As principais funções desempenhadas pelos amigos foram: apoio emocional, ajuda material e de serviços e guia cognitivo e de conselhos, exemplificados no relato: “[a amiga citada] é uma pessoa carinhosa. Tem bons conselhos [...] me ajuda com bastante coisa. Fralda pro bebê. Pergunta como eu estou, se estou fazendo o pré-natal” (P10, 31 anos, hipertensão e obesidade). O apoio emocional envolveu a manifestação de preocupação através de questionamentos sobre o bem-estar da gestante e do bebê, demonstração de carinho e atenção, além de um espaço que propiciasse a escuta às suas necessidades.

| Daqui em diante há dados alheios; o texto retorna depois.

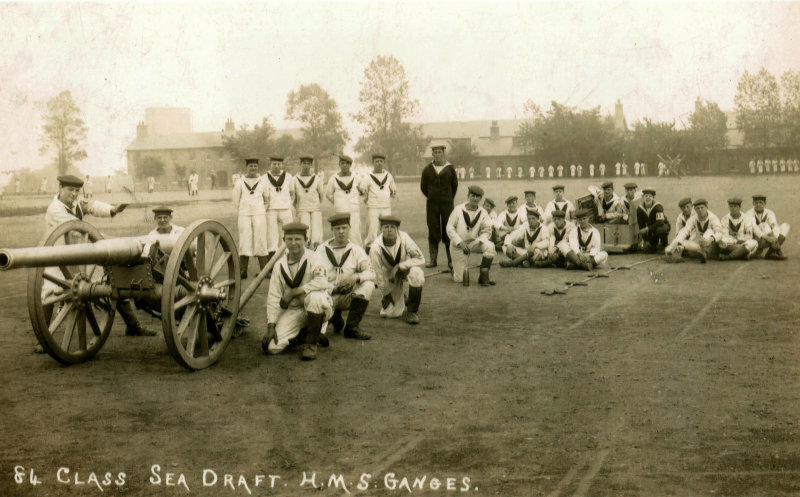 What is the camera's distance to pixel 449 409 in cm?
461

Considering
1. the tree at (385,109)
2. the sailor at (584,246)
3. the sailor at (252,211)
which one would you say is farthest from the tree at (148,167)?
the sailor at (584,246)

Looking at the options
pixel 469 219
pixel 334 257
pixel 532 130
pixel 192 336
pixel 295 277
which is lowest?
pixel 192 336

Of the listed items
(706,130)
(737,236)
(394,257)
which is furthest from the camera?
(706,130)

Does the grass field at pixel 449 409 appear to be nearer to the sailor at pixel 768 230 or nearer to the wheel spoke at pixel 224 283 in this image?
the wheel spoke at pixel 224 283

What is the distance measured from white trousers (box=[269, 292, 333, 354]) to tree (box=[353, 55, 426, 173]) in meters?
12.1

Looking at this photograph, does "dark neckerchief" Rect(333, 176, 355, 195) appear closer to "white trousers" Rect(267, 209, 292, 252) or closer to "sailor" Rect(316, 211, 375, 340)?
"white trousers" Rect(267, 209, 292, 252)

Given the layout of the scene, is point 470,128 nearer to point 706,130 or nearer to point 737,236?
point 706,130

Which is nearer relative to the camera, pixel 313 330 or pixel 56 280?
pixel 56 280

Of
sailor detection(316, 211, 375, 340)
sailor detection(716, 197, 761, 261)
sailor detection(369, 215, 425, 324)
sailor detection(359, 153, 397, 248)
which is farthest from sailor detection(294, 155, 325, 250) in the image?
sailor detection(716, 197, 761, 261)

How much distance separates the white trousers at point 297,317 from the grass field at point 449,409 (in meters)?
0.22

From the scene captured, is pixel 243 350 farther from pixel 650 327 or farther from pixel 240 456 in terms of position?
pixel 650 327

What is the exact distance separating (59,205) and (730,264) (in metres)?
9.69

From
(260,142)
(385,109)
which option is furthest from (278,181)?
(260,142)

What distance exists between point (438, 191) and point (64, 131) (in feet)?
28.4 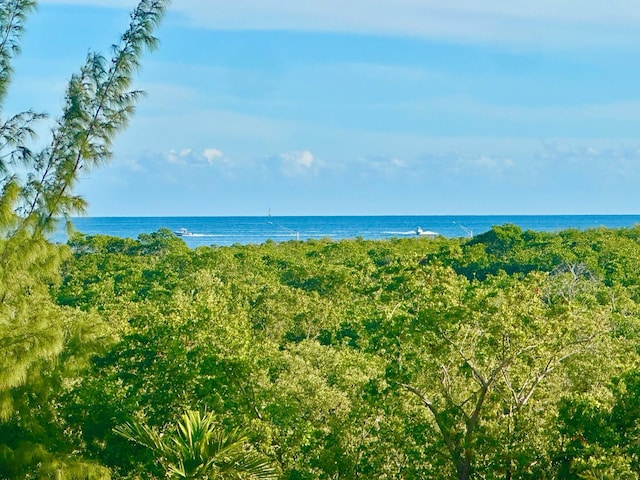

Quanto à ajuda material e de serviços, emergiram o auxílio nos cuidados com o filho e o apoio para o enxoval do bebê. Já no que concerne ao guia cognitivo e de conselhos, as participantes caracterizaram-no pelas orientações quanto aos cuidados na gestação, dicas sobre a alimentação e troca de experiências sobre a gestação com amigas que têm filhos.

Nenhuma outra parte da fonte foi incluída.